▶ **EXERCISE BRIEF**: Retype all of the listing exactly, passing over any picture you find.

▶ **GIVEN MATERIAL**:

# # # #

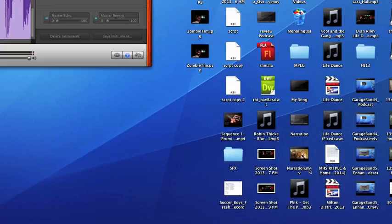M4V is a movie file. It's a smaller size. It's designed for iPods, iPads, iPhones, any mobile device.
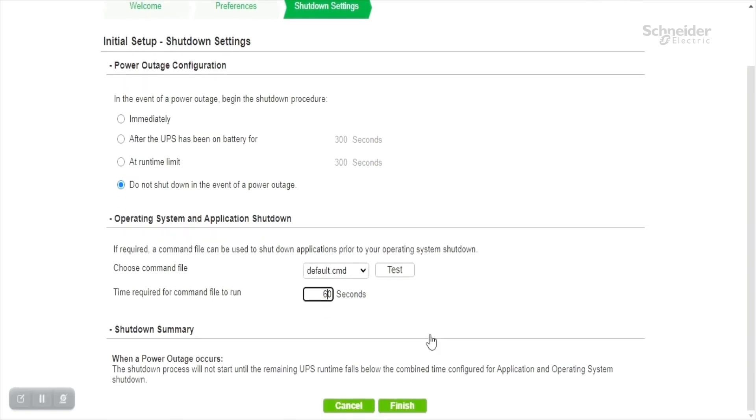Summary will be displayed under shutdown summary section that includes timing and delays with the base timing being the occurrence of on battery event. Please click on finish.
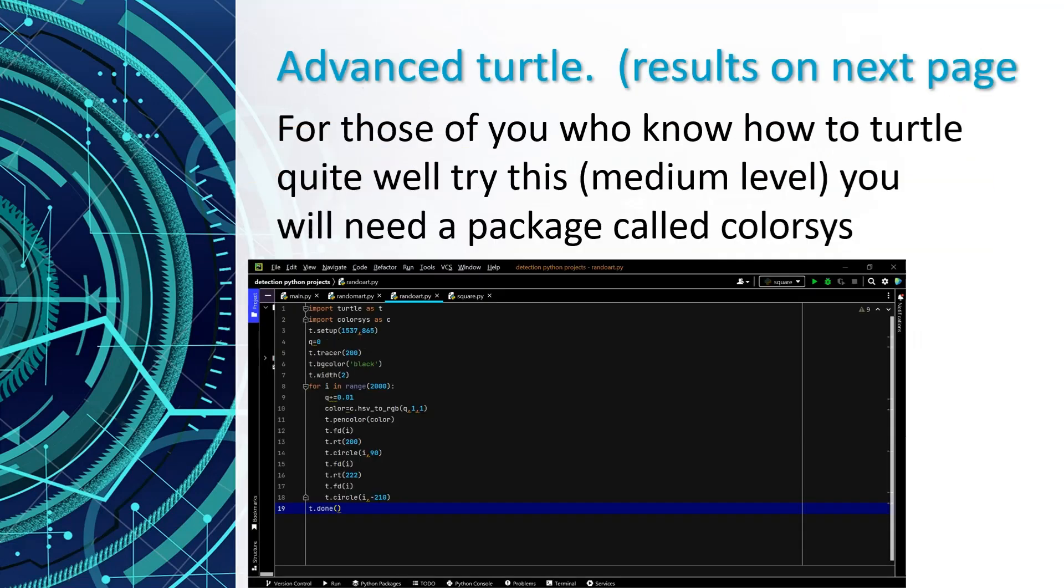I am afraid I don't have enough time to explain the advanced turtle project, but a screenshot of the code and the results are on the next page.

# # # #

▶ **TASK SOLUTION**:
M4V is a movie file. It's a smaller size. It's designed for iPods, iPads, iPhones, any mobile device.
Summary will be displayed under shutdown summary section that includes timing and delays with the base timing being the occurrence of on battery event. Please click on finish.
I am afraid I don't have enough time to explain the advanced turtle project, but a screenshot of the code and the results are on the next page.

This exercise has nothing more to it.